= DATA FOR THE TASK =
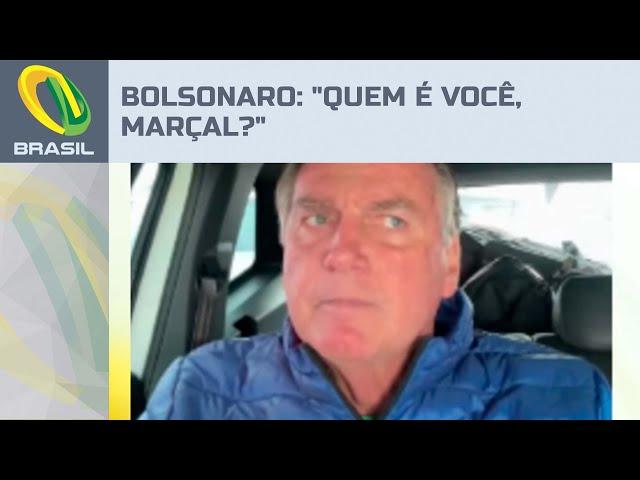 Jair Bolsonaro detona Pablo Marçal: "Quem é você?"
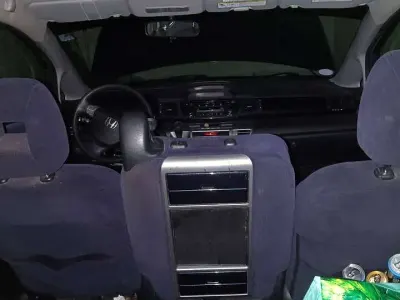 Gebraucht Honda FR-V 140 PS (102 kW) 2008 Grau Van / Kleinbus
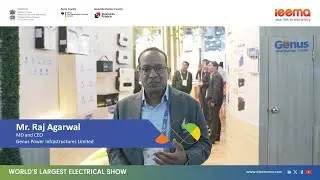 Mr. Raj Agarwal, MD & CEO, Genus Power Infrastructures Ltd., on ELECRAMA 2025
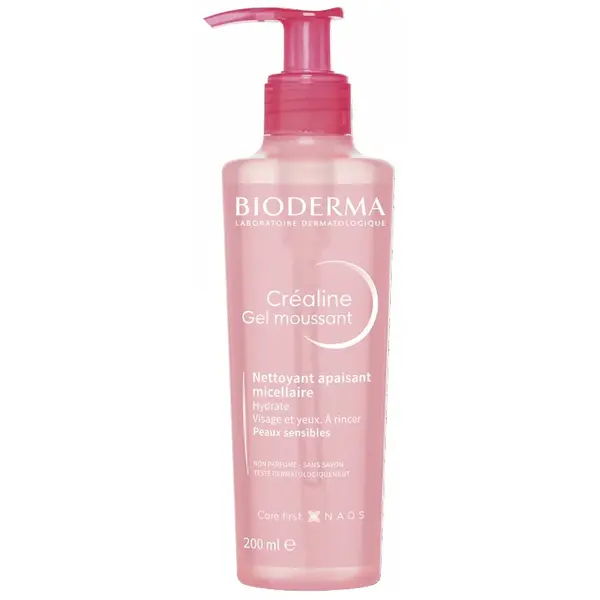 Bioderma Crealine Gel Foam 200ml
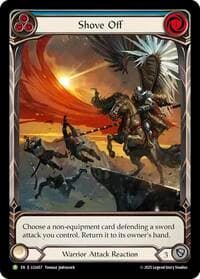 Shove Off - LGS457 - Flesh and Blood: Promo Cards - Flesh and Blood TCG card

= WORK INSTRUCTIONS =
All that is needed is the span from the line with "Bioderma Crealine Gel Foam 200ml" through the last line of the material above, reproduced exactly and free of pictures.

= EXERCISE OUTPUT =
 Bioderma Crealine Gel Foam 200ml
 Shove Off - LGS457 - Flesh and Blood: Promo Cards - Flesh and Blood TCG card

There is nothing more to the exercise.